Corruption and Asymmetry

Once again Greg Weiner has raised the bar for superb writing and thinking for this new venture, The Constitutionalist. I am honored to be mentioned in his stunningly well written essay. The idea corruption of corruption is original and brilliant.

Following his lead, I would like to jump off of his essay, adding some thoughts prompted by it rather than argue with it. I agree with his synoptic depiction and with the advice he gleans from it.

At this moment in American political history, it is also important to note the striking asymmetry of partisanship in the United States. For most of American history it makes sense to guard ourselves against the tendency to assume corruption lies behind the partisan positions with which we disagree. Even now, it may not be corruption but something else that lies behind contending partisan positions, as Greg Weiner astutely reminds us.

But it is vital to note that polarization — the usual term for the widening ideological difference between the parties– no longer accurately describes the division we experience today. In their important recent book, A Lot of People Are Saying: The New Conspiracism, Russell Muirhead and Nancy Rosenblum show that a kind of epistemological polarity has supplanted ideological polarization. They mean by this that one side — the Republican party by and large– embraces or tolerates fiction in the place of facts. The division is between two understandings of reality rather than between two ways to interpret or contend with the same political world. They show that while conspiracy thinking has always been a part of American politics, and indeed some conspiracies have been found to be true, conspiracism is something new. Conspiracism is conspiracy without the theory. Instead of trying to explain anomaly, conspiracists make up the world that they then pretend to explain. This is a very deep form of corruption that is not a projection from the other side.

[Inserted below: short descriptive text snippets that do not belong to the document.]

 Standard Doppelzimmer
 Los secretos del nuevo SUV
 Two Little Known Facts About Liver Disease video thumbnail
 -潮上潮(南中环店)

The second asymmetry that marks our time is hyper-partisanship — the idea that the party opposite should be opposed no matter what they propose, even if the proposal would advance ones own previous bill or favored idea. Opposing ones own policy projects if advanced by the other side in order to deny or share credit in the hope of retaining or regaining power is hyper-partisanship. As Thomas Mann and Norman Ornstein have shown in Its Even Worse Than It Looks, this is mainly a pathology of the Republican party. Instances can be found among Democrats, too, but relatively few. So, again, this is an asymmetrical problem and another source of deep institutional corruption in our time.

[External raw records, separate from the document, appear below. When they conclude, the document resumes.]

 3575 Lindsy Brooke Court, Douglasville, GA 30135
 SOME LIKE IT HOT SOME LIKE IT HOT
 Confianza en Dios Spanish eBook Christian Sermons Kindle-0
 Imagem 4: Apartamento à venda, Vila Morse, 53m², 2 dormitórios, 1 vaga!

President-Elect Joe Biden seems to understand the lesson that Greg Weiner teaches. One meaning of Biden’s promise to be a transitional president is that he wants to restore normal political discourse and normal political contest. As he says repeatedly, he wants to represent all of the American people, not just those who voted for him. The asymmetrical aspects of corruption in our time will make his project unusually challenging.